Probabilistic bounds with quadratic-exponential moments for quantum stochastic systems

TL;DR

This paper develops probabilistic bounds for quantum stochastic systems using quadratic-exponential moments, employing a novel randomized representation involving Gaussian averaging, and demonstrates these bounds on quantum harmonic oscillators.

Contribution

It introduces a new randomized approach to bound quadratic-exponential moments in quantum systems, enhancing understanding of their statistical localization.

Findings

Derived upper bounds for QEMs of quantum variables.

Applied bounds to open quantum harmonic oscillators with non-Gaussian states.

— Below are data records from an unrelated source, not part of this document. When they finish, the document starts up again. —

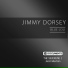 Jimmy Dorsey
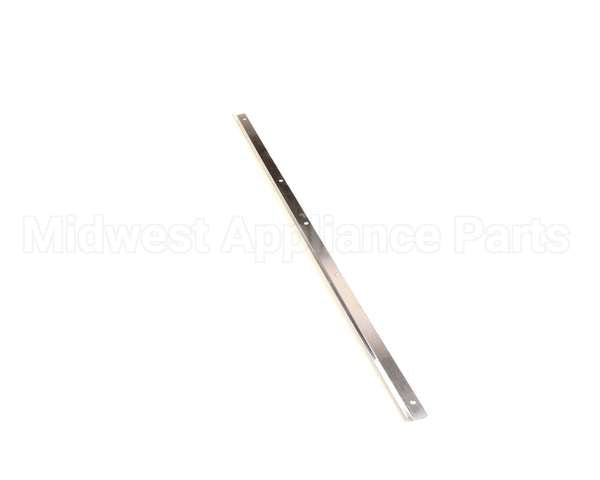 31002-01 Therma-Tek Door Seal Top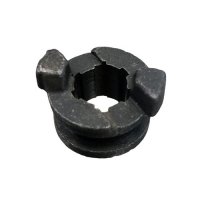 Муфта кулачковая А-01 01-2605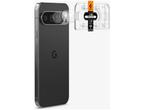 Veiling - Spigen 2 cameralensbeschermers Google Pixel 9 Pro, Nieuw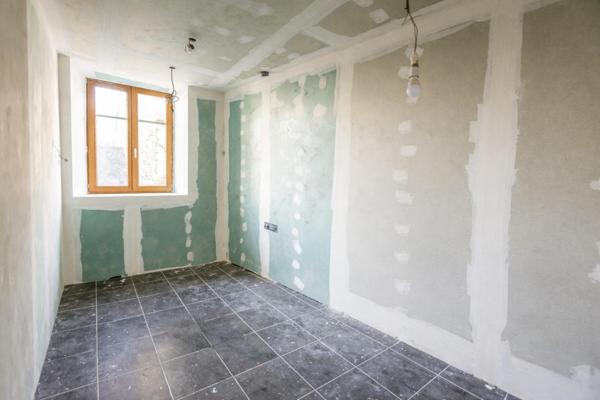 Immeuble à TREGUIER, 22220 - 196m²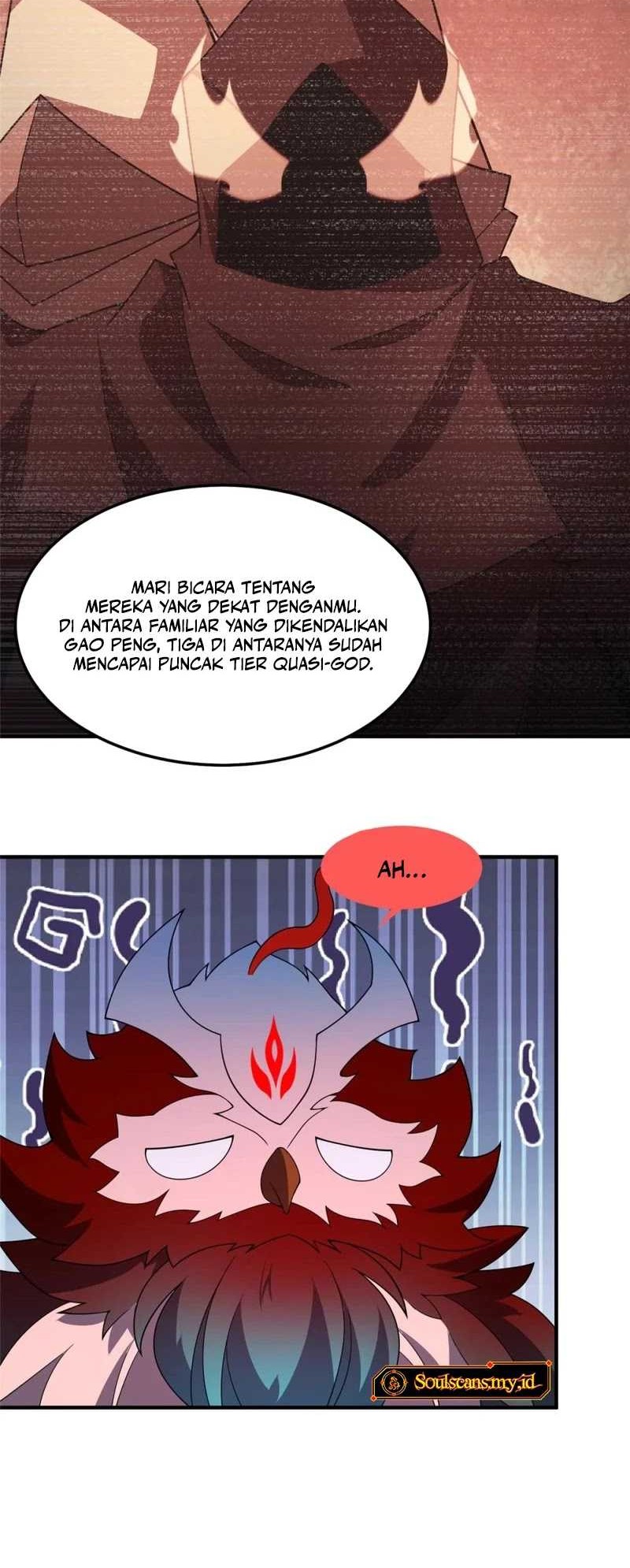 Halaman 27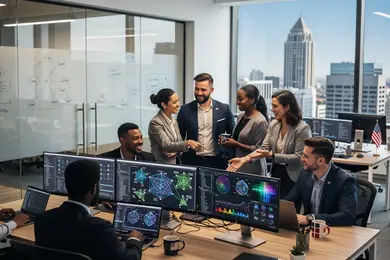 2026 Best Agentic AI Courses for Program Managers thumbnail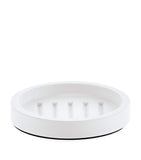 Decor Walther Stone Collection Soap Bench - British product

Demonstrated effectiveness of the method through specific quantum system examples.

Abstract

This paper is concerned with quadratic-exponential moments (QEMs) for dynamic variables of quantum stochastic systems with position-momentum type canonical commutation relations. The QEMs play an important role for statistical ``localisation'' of the quantum dynamics in the form of upper bounds on the tail probability distribution for a positive definite quadratic function of the system variables. We employ a randomised representation of the QEMs in terms of the moment-generating function (MGF) of the system variables, which is averaged over its parameters using an auxiliary classical Gaussian random vector. This representation is combined with a family of weighted $L^2$-norms of the MGF, leading to upper bounds for the QEMs of the system variables. These bounds are demonstrated for open quantum harmonic oscillators with vacuum input fields and non-Gaussian initial states.